As a pastor, partnering with IMB missionaries is one of the sweetest sources of joy in my life and to our family. Our dearest friends are IMB missionaries in Lesotho, and we pray daily for many others all across the world. Caring for missionaries is the responsibility and sacred joy of the local church. I would hope to see FBNO become a tremendous sending church, commissioning missionaries all over the world, even as we labor here in New Orleans for the same purpose—to glorify God by making disciples of all nations.

Is there anything else you would like us to know about how God is leading your heart right now?

I recently read the account of Jesus walking on the water from the Gospel of Matthew in chapter 14. The exchange between Peter and Jesus struck me. Frightened, all of the disciples needed to hear Jesus say, “Take heart; it is I. Do not be afraid.” Then Peter answered him, “Lord if it is you, command me to come to you on the water.” And Jesus said, “Come.” The word “come” is an imperative in the Greek. I have heard so many people highlight Peter’s faith in getting out of the boat, turning to an application that seems to promote risk-taking as some higher form of faith.

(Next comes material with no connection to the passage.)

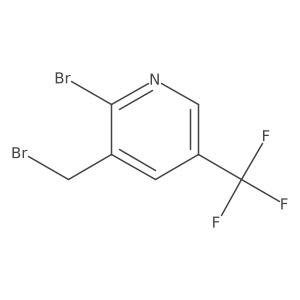 2-Bromo-3-bromomethyl-5-(trifluoromethyl)pyridine Structure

It would have been utter foolishness, not faith, for Peter to have jumped out of the boat in hopes that he, too, could walk on water unless Jesus commanded him to come. What makes the incident a story of faith is this: Jesus said, “Come,” and Peter went. Biblical faith has always been trust, obedience, belief in what God has said. So, my prayer as it relates to this sacred moment is “Jesus, if this is you, command me to come to you.” Know that His voice is the voice I pray we all hear clearly so that we can each walk in faith, obeying, trusting, believing what He says. May He speak in such a way that only He receives the credit.